* _Short descriptive text snippets_
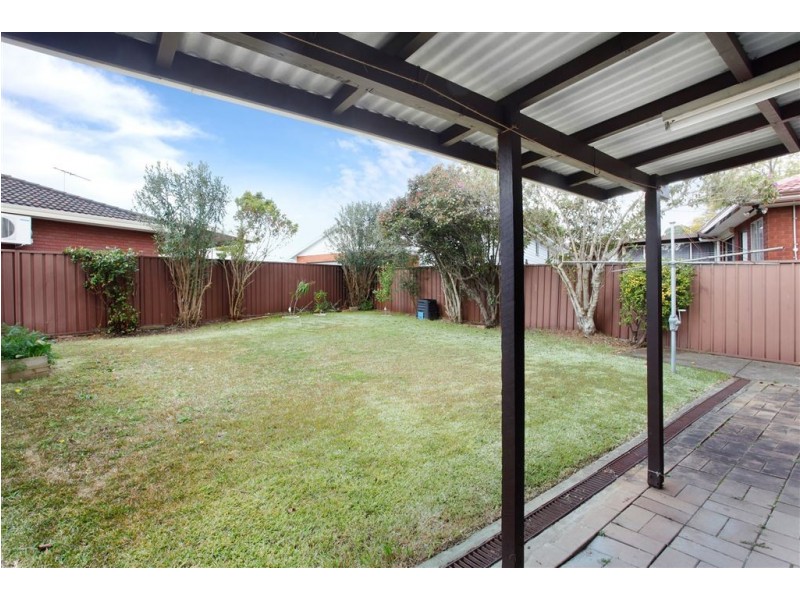 7 Rudolf Road, Seven Hills NSW 2147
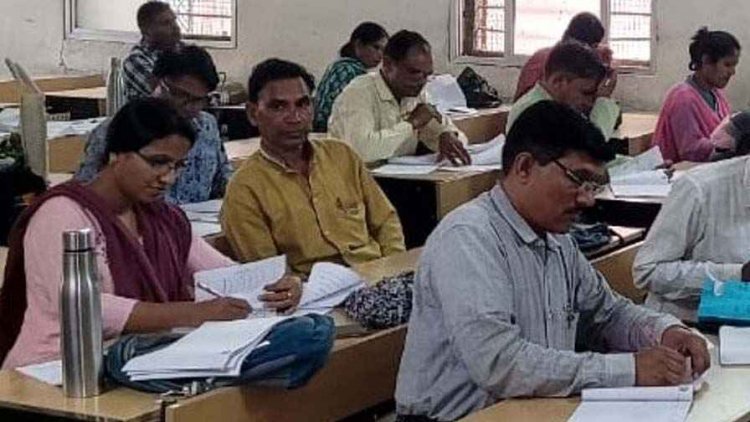बोर्ड कॉपी जांच में लापरवाही पर 79 शिक्षकों पर कार्रवाई, 6 साल तक किए गए डिबार, 36 मूल्यांकन केंद्रों में मिली गड़बड़ी, 50 नंबर तक दिए गलत अंक
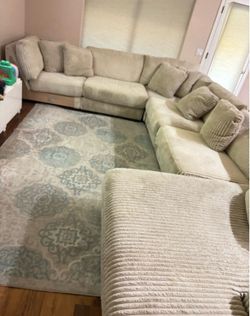 Modern / Comfortable Sofa Couch – GREAT Condition (Retails for $3,100)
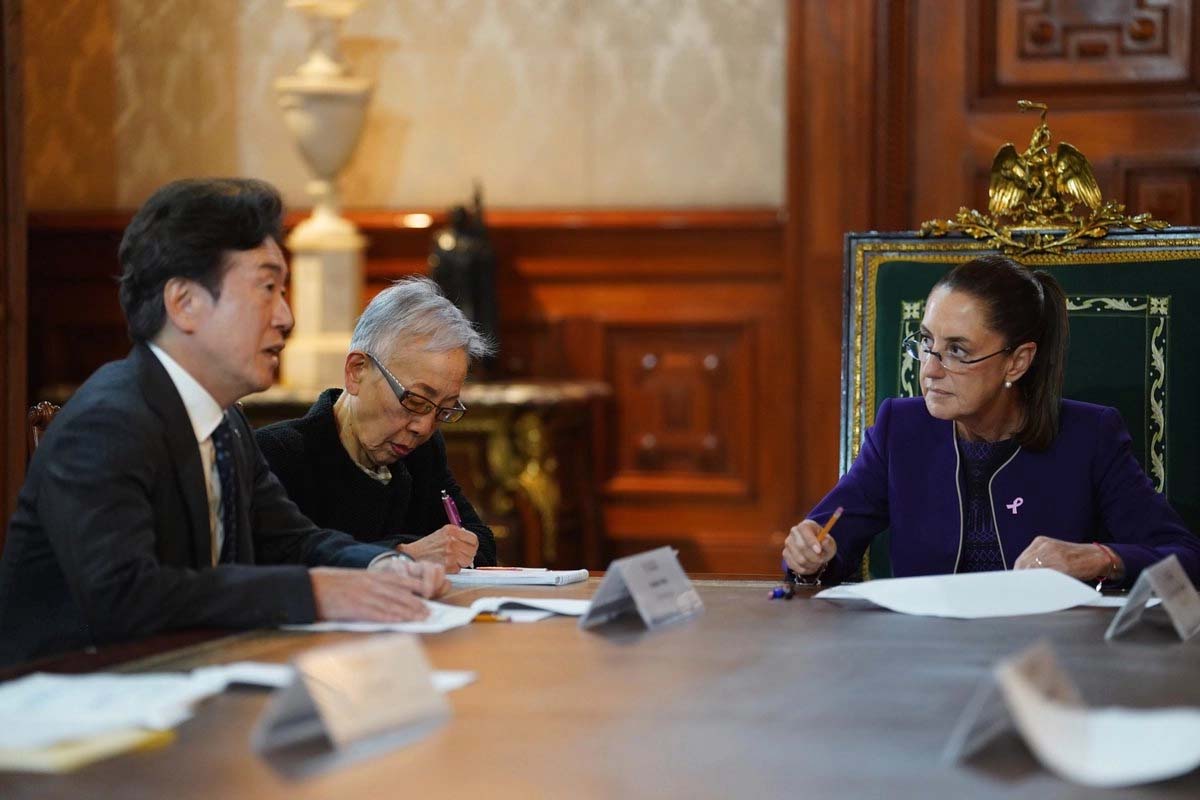 Claudia Sheinbaum se reúne con director de Mazda en Palacio Nacional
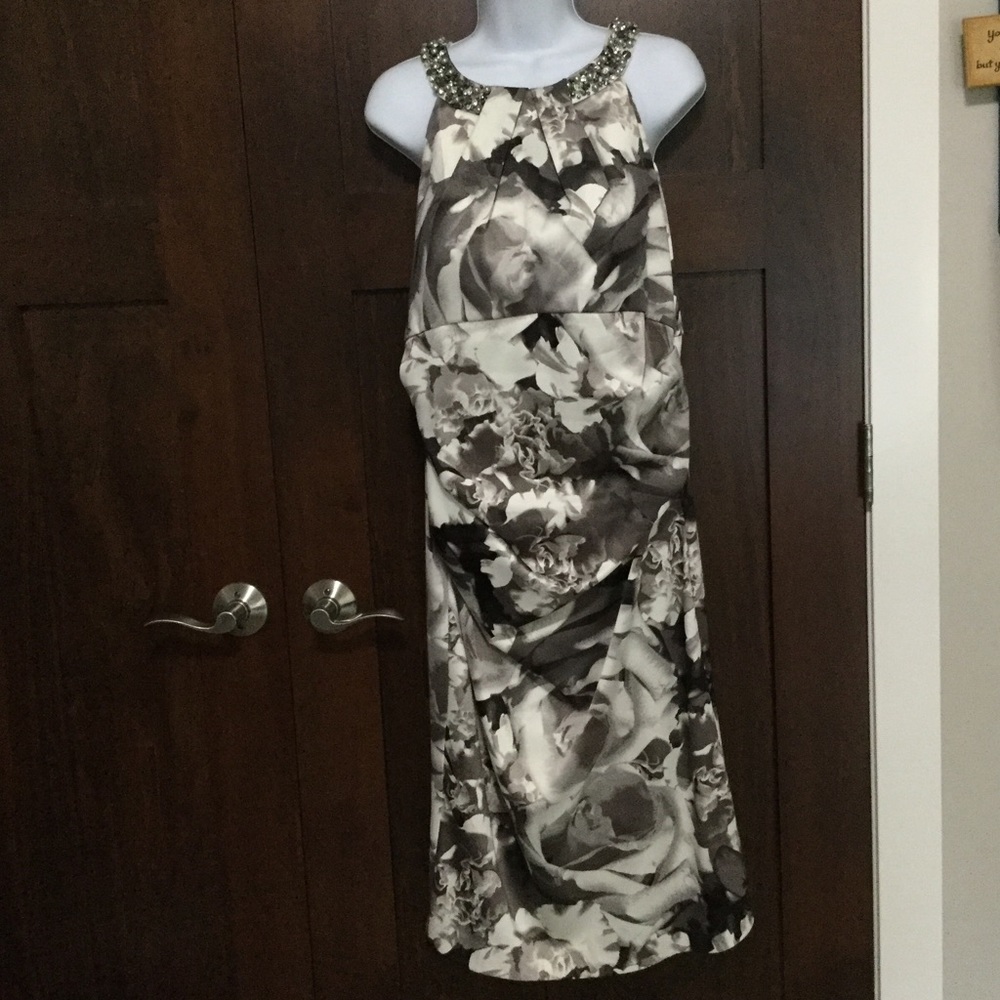 Great Warm Weather Embellished Print Sheath Dress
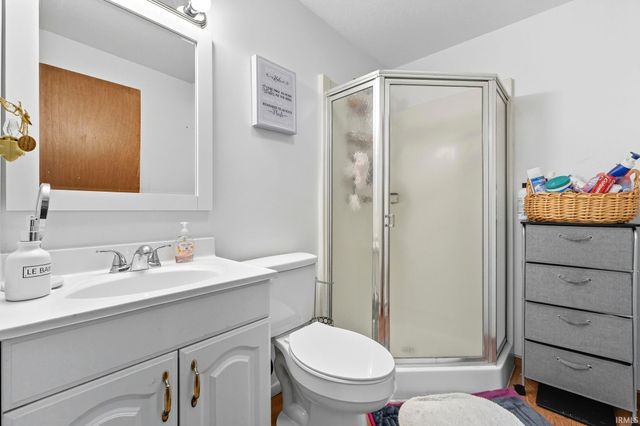 3516 Debeney Drive, Fort Wayne, IN 46816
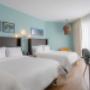 2 Double Beds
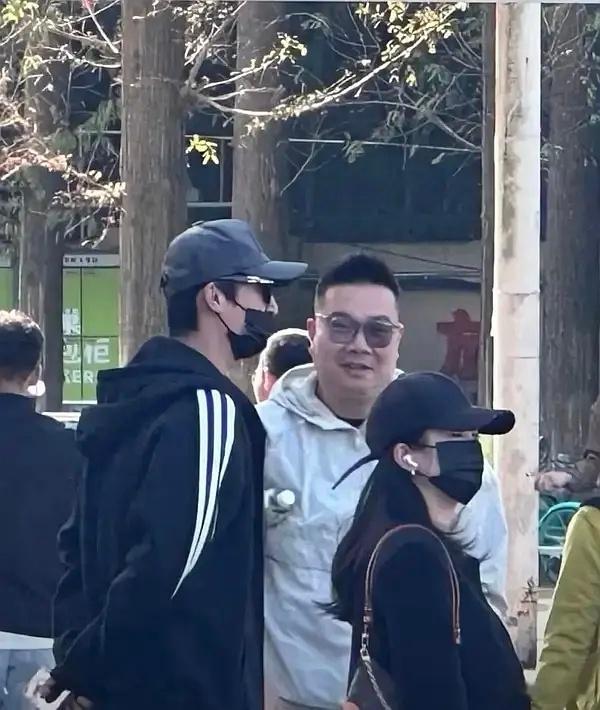 杨旭文陈若琳应该是真谈了但是没订婚吧。。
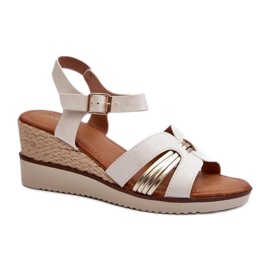 Step in style Sandály Model Starlenna 24SD98-7146 Gold - Krok ve velkém stylu žluť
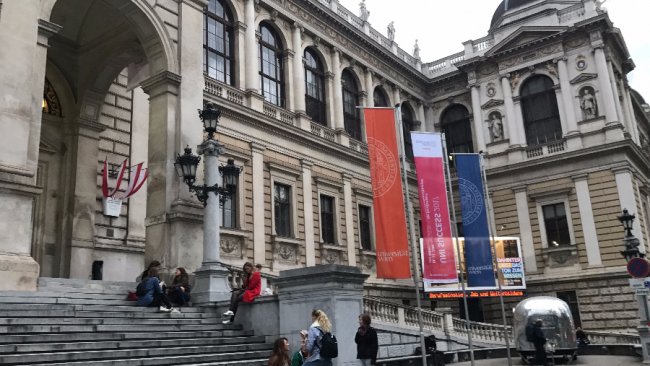 «Нотатки мандрівниці» Анастасії Лазуки про Відень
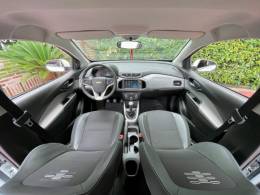 CHEVROLET - ONIX - 2019/2019 - Branca - R$ 57.900,00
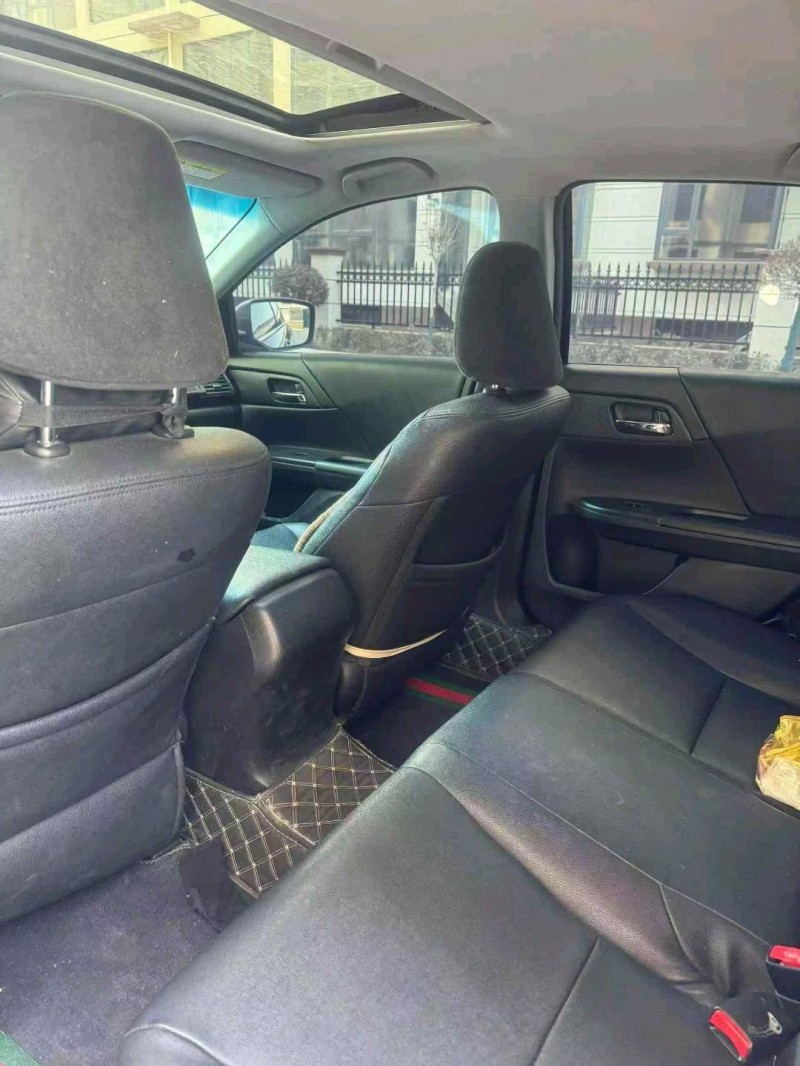 新乡18年本田雅阁5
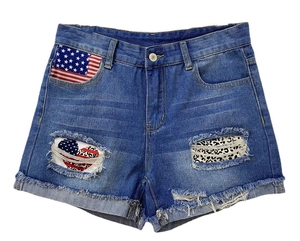 Damen Denim-Shorts mit Flaggen- und Leopardenmuster auf markanten Destroyed-Effekten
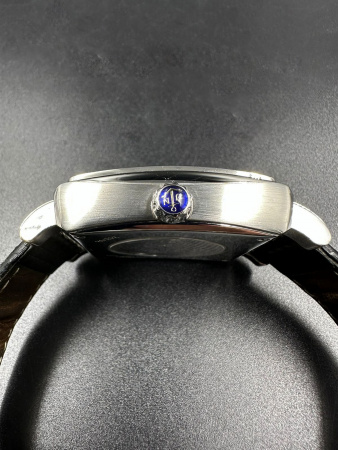 Ulysse Nardin Quadrato Dual Time 42 mm 243-92/632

* _Task instructions_
Go back to the lines above and output, exactly as they stand, the ones from the line containing "बोर्ड कॉपी जांच" to the line containing "杨旭文陈若琳应该是真谈了但是没订婚吧。。". Leave all pictures behind.

* _Answer to the problem_
बोर्ड कॉपी जांच में लापरवाही पर 79 शिक्षकों पर कार्रवाई, 6 साल तक किए गए डिबार, 36 मूल्यांकन केंद्रों में मिली गड़बड़ी, 50 नंबर तक दिए गलत अंक
 Modern / Comfortable Sofa Couch – GREAT Condition (Retails for $3,100)
 Claudia Sheinbaum se reúne con director de Mazda en Palacio Nacional
 Great Warm Weather Embellished Print Sheath Dress
 3516 Debeney Drive, Fort Wayne, IN 46816
 2 Double Beds
 杨旭文陈若琳应该是真谈了但是没订婚吧。。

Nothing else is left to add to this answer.